В последние три дня Филипп-Август не покидал шатра и почти не вставал со своей кровати: его неожиданно свалила жестокая лихорадка, которой в этих местах переболели уже многие крестоносцы, от которой умерла не одна сотня воинов, оставшихся невредимыми в битвах. Короля лечили французские и датские лекари, приходили и двое сарацинских врачей, которым в лагере доверяли и которых все же заставили перепробовать все приготовленные ими для Филиппа снадобья. Больному сделалось немного легче, он смог сидеть в кресле, у него вновь появился хотя бы какой-то аппетит, но все же лихорадка не отступала.
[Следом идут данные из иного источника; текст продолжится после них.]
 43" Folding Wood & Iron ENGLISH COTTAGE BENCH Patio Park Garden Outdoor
Страх смерти и боязнь проваляться в постели до конца осады и не заслужить славы, о которой он мечтал, которой ждали от него все франкские рыцари, вызвали у Филиппа желание найти сильную поддержку – он уже почти решился отправить посланца к Ричарду Львиное Сердце и предложить примирение. Если они встретятся и обсудят общий план действий, то в крайнем случае Ричард и один возглавит объединенную армию крестоносцев – его любят и чтут все без исключения рыцари. Разве что заносчивый Леопольд Австрийский и его воины косо смотрят на английского героя, но и те понимают, чего он стоит в бою. А после победы лавры и добычу победителей два короля поделят поровну, даже если болезнь не даст Филиппу участвовать в решающей битве: ведь у Филиппа самая большая армия и больше всего рыцарей.
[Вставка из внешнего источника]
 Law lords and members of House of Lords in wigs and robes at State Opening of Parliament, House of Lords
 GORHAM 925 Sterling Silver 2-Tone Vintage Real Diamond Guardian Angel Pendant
И вот в тот момент, когда французский король собирался призвать герольда, чтобы послать его в стан англичан, ему вдруг доложили о том, что Ричард Львиное Сердце сам пришел в его лагерь и просит о встрече. Услыхав это, Филипп едва не завопил от восторга: он и не мечтал о том, чтобы заносчивый англичанин первым пошел на примирение!
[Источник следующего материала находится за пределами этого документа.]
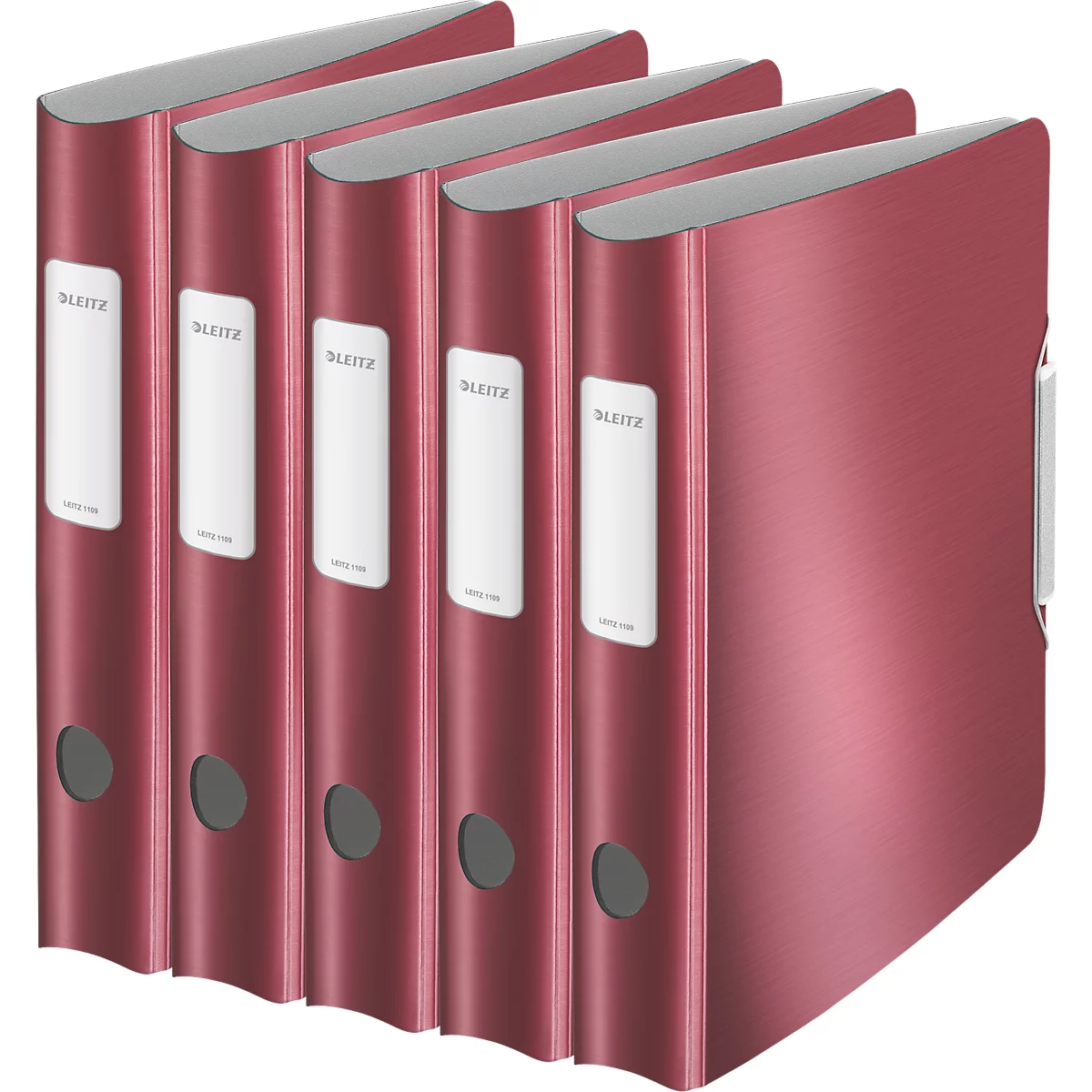 Five red file folders, lined up side by side. The folders have white labels and grey edges.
Между тем Ричарда мучила не только совесть, хотя эта причина была, скорее всего, первой. На третий день после своего прибытия под стены Птолемиады он тоже подхватил проклятую лихорадку! Сильный организм, а еще более, несокрушимая воля и упрямство английского короля помогали ему держаться на ногах, не сдаваясь мучительной слабости и даже жестоким приступам, от которых возникала боль во всех суставах, а все тело сводила судорога. В такие часы пот ручьями тек по лицу Ричарда, оно делалось серым, как плохая бумага, а губы кривились и дергались. Но он крепился, не позволяя себе слечь в постель, – это могло внести уныние в сердца воинов, которые в него так верили. А ведь назревал решающий штурм города! Все в лагере только и ждали приезда двух могучих королей и их армий.